Data extract:
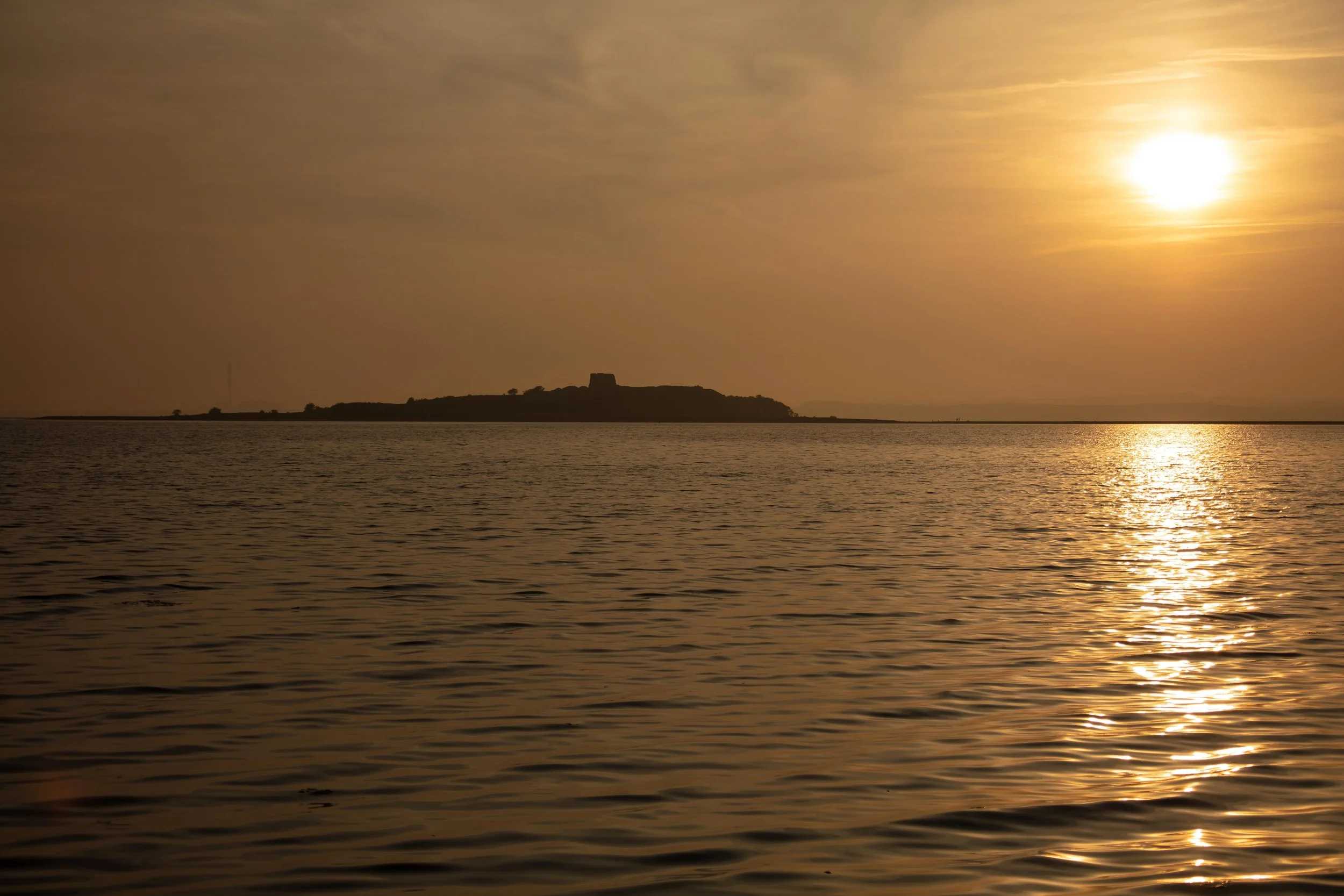En solnedgang over et vandlandskab med en ø i baggrunden og fredeligt vand.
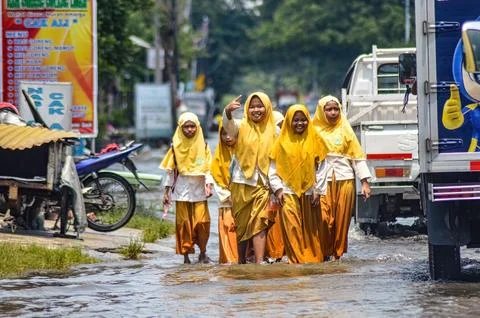 A group of junior high school students returning home from school crossed f.. Stock Photos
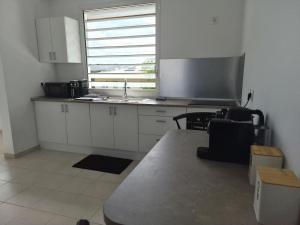 a kitchen with white cabinets and a table and a window at Bella - Destination Guyane in Rémire-Camp +11 photos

Exercise:
Please give again only those lines that run from the one containing "A group of junior" through the final line of the listing, both included, exactly as written and without pictures.

Result of this exercise:
 A group of junior high school students returning home from school crossed f.. Stock Photos
 a kitchen with white cabinets and a table and a window at Bella - Destination Guyane in Rémire-Camp +11 photos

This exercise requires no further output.